Python bindings for the big-code-analysis Rust library
Project description
big-code-analysis (Python bindings)
Python bindings for the
big-code-analysis
Rust library — compute maintainability metrics for source code in
~20 languages using the same tree-sitter parsers the Rust crate
ships with.
Full documentation: the book's Python Bindings chapter covers the install matrix, batch / async / SARIF recipes, and the full error taxonomy. The README below is the quick reference shown on PyPI.
All nine phases of the Python bindings work (issues #265–#273;
parent #103) have landed. The crate now ships single-file
analysis, the never-raise batch entry point, the flatten_spaces
flat-record iterator, explicit metric selection (metrics=),
SARIF 2.1.0 rendering (to_sarif), the strict ruff / mypy /
pyright tooling gate, manylinux wheel CI on Linux x86_64 +
aarch64, the book's "Python Bindings" chapter, and the end-user
example set covered below. See the
CHANGELOG for the per-phase changes.
Runnable examples
big-code-analysis-py/examples/ is the canonical collection of
copy-paste recipes. Every file is executed under CI either via
tests/test_book_examples.py (the .py examples) or via
jupyter nbconvert --execute (the notebook), so a renamed kwarg
or removed function fails CI before the example can rot in the
docs.
| File | What it shows |
|---|---|
quick_start.py |
Single-file analysis + headline metric. Embedded by the book's Quick start. |
batch_processing.py |
analyze_batch + the AnalysisError discriminator. Embedded by Batch processing. |
flat_records.py |
flatten_spaces → sqlite for one file. Embedded by Flat-record iteration. |
metric_selection.py |
metrics= kwarg + dependency-pull behaviour. Embedded by Metric selection. |
sarif_output.py |
Minimal SARIF rendering. Embedded by SARIF output. |
errors_taxonomy.py |
The full exception map across the entry points. Embedded by Error handling. |
async_patterns.py |
asyncio.to_thread (canonical) vs the in-loop anti-pattern. Embedded by Async patterns. |
cli_parity.py |
Byte-for-byte parity smoke test vs bca metrics --output-format json. Wired into make py-test. |
pipeline_db.py |
Directory walk → analyze_batch → flatten_spaces → sqlite top-N, with a deliberately broken file to exercise the never-raise contract. |
sarif_upload.py |
SARIF emission tuned for GitHub Code Scanning (github/codeql-action/upload-sarif@v3). |
jupyter_quickstart.ipynb |
Pandas DataFrame + matplotlib cyclomatic.sum per function + top-N. Executed in CI via python-examples-nbconvert. |
Installation
The package is not yet published on PyPI. For development, build locally via maturin:
cd big-code-analysis-py
uv venv .venv && source .venv/bin/activate
uv pip install -e ".[dev]" # pulls maturin, pytest, mypy, ruff, pyright
maturin develop
python -c "import big_code_analysis; print(big_code_analysis.__version__)"
Usage
import big_code_analysis as bca
# Analyse a file by path. The returned dict matches the JSON
# emitted by `bca metrics --output-format json` for the same
# file at the `FuncSpace` boundary — same field order, same
# numeric formatting, same shape. Language detection mirrors the
# CLI (path extension, then shebang, then emacs `-*- mode -*-`).

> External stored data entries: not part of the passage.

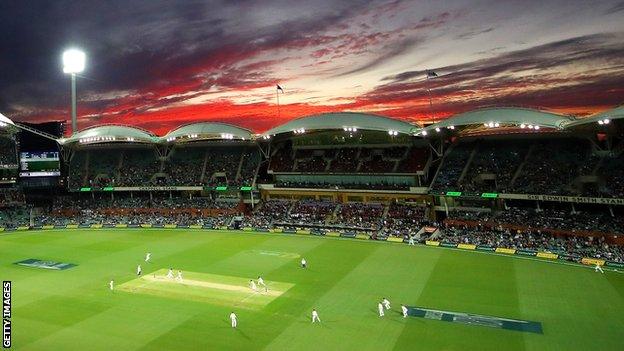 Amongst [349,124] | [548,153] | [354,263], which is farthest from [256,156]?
[548,153]

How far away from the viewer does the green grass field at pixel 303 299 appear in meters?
23.0

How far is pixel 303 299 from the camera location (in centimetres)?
2955

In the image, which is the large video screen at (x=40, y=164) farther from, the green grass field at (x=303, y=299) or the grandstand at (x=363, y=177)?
the green grass field at (x=303, y=299)

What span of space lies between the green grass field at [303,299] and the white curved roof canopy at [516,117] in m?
13.6

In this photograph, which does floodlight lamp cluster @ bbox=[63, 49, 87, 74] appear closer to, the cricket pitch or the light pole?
the light pole

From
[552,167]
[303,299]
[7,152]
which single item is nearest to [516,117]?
[552,167]

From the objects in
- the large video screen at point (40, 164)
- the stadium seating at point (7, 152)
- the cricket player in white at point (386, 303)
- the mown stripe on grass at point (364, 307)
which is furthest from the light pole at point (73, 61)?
the cricket player in white at point (386, 303)

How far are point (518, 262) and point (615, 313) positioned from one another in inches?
496

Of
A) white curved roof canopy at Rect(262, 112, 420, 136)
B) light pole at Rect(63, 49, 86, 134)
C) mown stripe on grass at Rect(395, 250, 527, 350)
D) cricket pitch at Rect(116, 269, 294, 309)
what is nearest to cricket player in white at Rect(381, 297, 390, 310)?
mown stripe on grass at Rect(395, 250, 527, 350)

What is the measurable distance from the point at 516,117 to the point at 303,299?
2921cm

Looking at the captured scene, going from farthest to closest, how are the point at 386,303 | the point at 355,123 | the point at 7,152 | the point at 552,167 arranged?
the point at 7,152, the point at 355,123, the point at 552,167, the point at 386,303

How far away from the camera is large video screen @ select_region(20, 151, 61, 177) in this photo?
68.1 meters

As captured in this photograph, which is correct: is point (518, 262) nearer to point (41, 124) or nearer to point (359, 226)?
point (359, 226)

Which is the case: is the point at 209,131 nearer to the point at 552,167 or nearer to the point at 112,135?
the point at 112,135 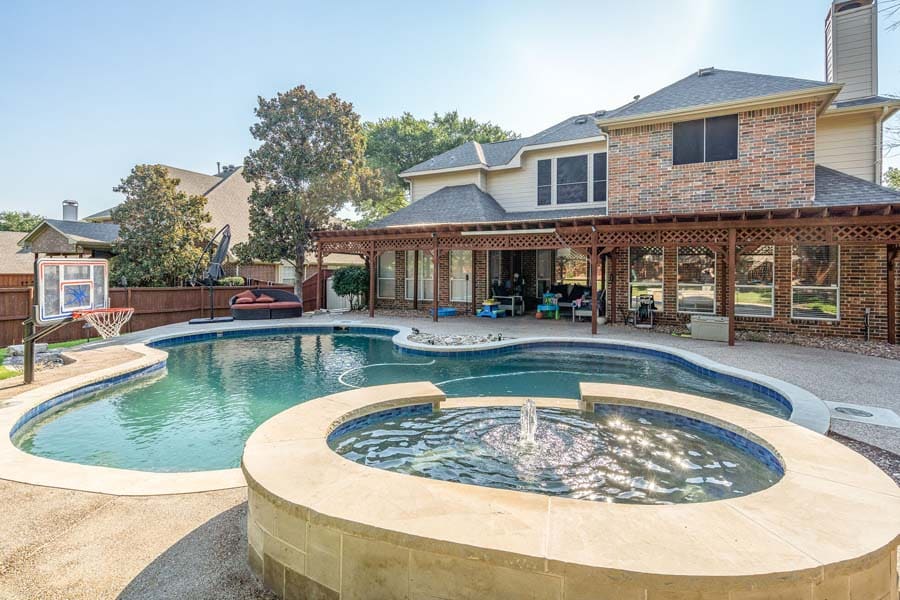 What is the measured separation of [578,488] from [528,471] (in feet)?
1.45

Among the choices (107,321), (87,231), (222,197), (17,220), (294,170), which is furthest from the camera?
(17,220)

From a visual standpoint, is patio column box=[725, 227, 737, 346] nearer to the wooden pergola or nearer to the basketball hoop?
the wooden pergola

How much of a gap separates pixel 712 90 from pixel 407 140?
18.9 m

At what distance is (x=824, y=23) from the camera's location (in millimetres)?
12805

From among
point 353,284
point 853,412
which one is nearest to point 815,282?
point 853,412

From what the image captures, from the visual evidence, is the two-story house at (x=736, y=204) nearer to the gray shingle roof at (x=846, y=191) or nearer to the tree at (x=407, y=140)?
the gray shingle roof at (x=846, y=191)

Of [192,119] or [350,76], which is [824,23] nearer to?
[350,76]

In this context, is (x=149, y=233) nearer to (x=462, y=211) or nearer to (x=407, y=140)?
(x=462, y=211)

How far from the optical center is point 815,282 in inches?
409

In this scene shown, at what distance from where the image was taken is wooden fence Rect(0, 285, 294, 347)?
35.1ft

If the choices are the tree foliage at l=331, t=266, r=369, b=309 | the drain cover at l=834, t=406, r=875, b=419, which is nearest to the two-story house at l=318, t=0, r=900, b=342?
the tree foliage at l=331, t=266, r=369, b=309

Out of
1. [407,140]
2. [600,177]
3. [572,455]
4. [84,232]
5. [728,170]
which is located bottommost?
[572,455]

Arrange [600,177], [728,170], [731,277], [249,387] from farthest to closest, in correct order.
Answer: [600,177] < [728,170] < [731,277] < [249,387]

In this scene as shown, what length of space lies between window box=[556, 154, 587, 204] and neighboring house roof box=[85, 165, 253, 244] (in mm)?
15819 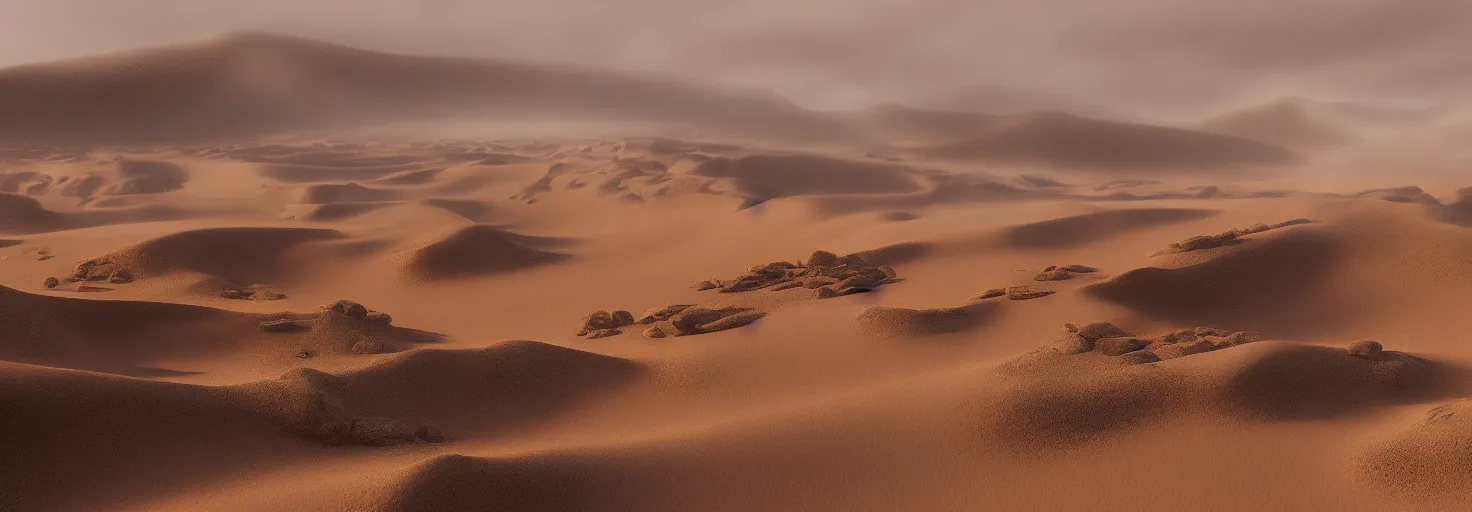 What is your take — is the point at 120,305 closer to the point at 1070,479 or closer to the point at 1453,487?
the point at 1070,479

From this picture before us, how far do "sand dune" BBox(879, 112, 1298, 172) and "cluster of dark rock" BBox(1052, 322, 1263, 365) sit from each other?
123 feet

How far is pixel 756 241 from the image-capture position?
1190 centimetres

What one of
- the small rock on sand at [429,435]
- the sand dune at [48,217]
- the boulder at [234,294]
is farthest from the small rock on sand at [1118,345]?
the sand dune at [48,217]

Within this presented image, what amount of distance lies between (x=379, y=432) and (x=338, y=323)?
2.64m

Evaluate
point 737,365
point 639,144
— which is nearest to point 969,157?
point 639,144

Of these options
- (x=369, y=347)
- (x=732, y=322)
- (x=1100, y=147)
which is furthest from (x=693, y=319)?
(x=1100, y=147)

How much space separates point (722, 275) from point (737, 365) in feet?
13.4

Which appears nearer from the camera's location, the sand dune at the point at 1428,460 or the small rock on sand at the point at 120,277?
the sand dune at the point at 1428,460

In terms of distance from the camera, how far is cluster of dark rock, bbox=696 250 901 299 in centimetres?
802

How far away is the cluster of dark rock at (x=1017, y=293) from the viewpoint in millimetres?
6957

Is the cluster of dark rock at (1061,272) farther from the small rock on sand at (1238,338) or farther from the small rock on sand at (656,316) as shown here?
the small rock on sand at (656,316)

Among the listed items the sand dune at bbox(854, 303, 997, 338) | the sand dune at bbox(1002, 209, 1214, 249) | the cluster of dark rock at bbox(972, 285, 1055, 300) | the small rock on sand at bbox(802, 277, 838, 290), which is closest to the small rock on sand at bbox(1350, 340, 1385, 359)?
the sand dune at bbox(854, 303, 997, 338)

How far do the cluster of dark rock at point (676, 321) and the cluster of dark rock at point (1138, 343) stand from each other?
2.37m

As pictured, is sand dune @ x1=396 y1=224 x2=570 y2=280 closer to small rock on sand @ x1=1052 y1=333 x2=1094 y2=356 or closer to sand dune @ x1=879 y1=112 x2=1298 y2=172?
small rock on sand @ x1=1052 y1=333 x2=1094 y2=356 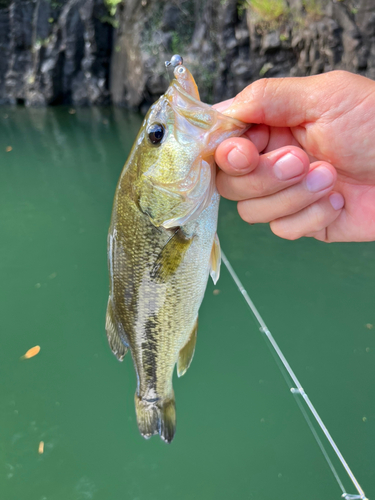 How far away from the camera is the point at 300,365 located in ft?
10.9

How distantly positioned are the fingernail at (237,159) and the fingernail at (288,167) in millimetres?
156

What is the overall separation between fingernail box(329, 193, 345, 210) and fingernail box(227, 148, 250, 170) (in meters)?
0.60

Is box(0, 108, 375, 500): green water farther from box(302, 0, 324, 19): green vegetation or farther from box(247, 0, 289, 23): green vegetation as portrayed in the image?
box(247, 0, 289, 23): green vegetation

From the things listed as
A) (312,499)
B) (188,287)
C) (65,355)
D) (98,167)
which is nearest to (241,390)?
(312,499)

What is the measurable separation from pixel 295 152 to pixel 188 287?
660 millimetres

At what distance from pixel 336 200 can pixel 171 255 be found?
2.76 feet

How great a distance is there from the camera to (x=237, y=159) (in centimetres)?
134

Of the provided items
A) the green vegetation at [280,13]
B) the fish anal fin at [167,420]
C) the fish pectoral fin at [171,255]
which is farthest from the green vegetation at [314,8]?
the fish anal fin at [167,420]

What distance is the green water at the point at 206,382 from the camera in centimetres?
269

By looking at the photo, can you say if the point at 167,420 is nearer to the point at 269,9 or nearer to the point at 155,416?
the point at 155,416

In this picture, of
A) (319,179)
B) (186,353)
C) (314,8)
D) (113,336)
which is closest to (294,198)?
(319,179)

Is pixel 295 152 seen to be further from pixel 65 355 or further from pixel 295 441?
pixel 65 355

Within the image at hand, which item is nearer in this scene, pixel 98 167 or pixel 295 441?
pixel 295 441

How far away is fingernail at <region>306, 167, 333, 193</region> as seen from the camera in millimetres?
1516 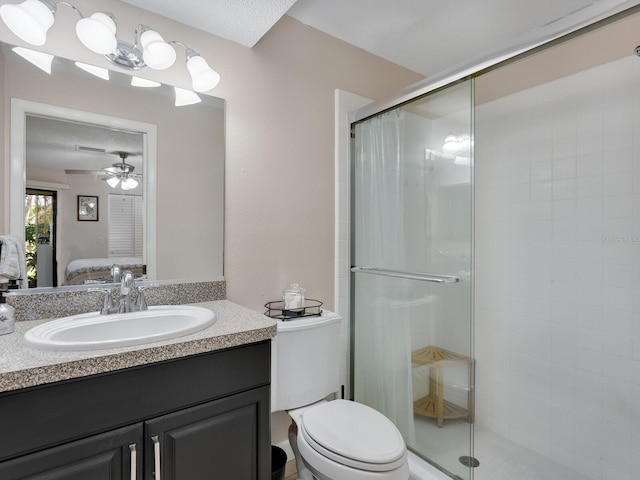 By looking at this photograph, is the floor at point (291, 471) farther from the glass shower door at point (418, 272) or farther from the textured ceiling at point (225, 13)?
the textured ceiling at point (225, 13)

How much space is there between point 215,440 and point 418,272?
3.83ft

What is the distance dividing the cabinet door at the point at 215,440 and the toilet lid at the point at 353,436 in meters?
0.23

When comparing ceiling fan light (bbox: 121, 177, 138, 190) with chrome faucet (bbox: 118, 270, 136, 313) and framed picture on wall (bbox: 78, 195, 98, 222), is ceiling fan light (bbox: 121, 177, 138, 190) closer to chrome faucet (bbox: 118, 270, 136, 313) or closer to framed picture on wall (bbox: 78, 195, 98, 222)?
framed picture on wall (bbox: 78, 195, 98, 222)

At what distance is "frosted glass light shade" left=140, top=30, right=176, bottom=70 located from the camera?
138cm

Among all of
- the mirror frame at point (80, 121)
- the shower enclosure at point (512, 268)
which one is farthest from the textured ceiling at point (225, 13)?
the shower enclosure at point (512, 268)

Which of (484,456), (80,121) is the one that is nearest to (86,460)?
(80,121)

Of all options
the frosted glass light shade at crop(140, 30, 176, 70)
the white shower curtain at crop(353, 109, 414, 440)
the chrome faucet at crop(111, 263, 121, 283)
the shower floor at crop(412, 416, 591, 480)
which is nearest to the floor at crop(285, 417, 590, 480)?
the shower floor at crop(412, 416, 591, 480)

# Pass `exclude_tests=True` to mirror `bca metrics --exclude-tests`
# (prunes Rust `#[test]` / `#[cfg(test)]` subtrees before metric
# computation). Generated files (`@generated`, `DO NOT EDIT`,
# `GENERATED CODE` markers) are skipped by default, matching the
# CLI walker — `analyze` returns `None` for them; pass
# `skip_generated=False` to opt out. See `bca.analyze.__doc__`
# for the full parity contract.
result = bca.analyze("src/main.rs")
if result is not None:
print(result["metrics"]["cognitive"]["sum"])
# Analyse a Rust file with `#[test]` subtrees pruned out — same
# result as `bca metrics --exclude-tests --output-format json`.
prod_only = bca.analyze("src/main.rs", exclude_tests=True)
# Non-UTF-8 paths raise `ValueError` by default so the `name`
# field is always a round-trippable identifier. Pass
# `allow_lossy_path=True` to opt into the CLI's U+FFFD
# substitution behaviour (see `bca.analyze.__doc__` and #316).
lossy = bca.analyze(weird_path, allow_lossy_path=True)
# Force analysis of files marked `@generated` (default skips them).
forced = bca.analyze("third_party/generated.pb.go", skip_generated=False)
# Analyse an in-memory snippet (str, bytes, or bytearray accepted).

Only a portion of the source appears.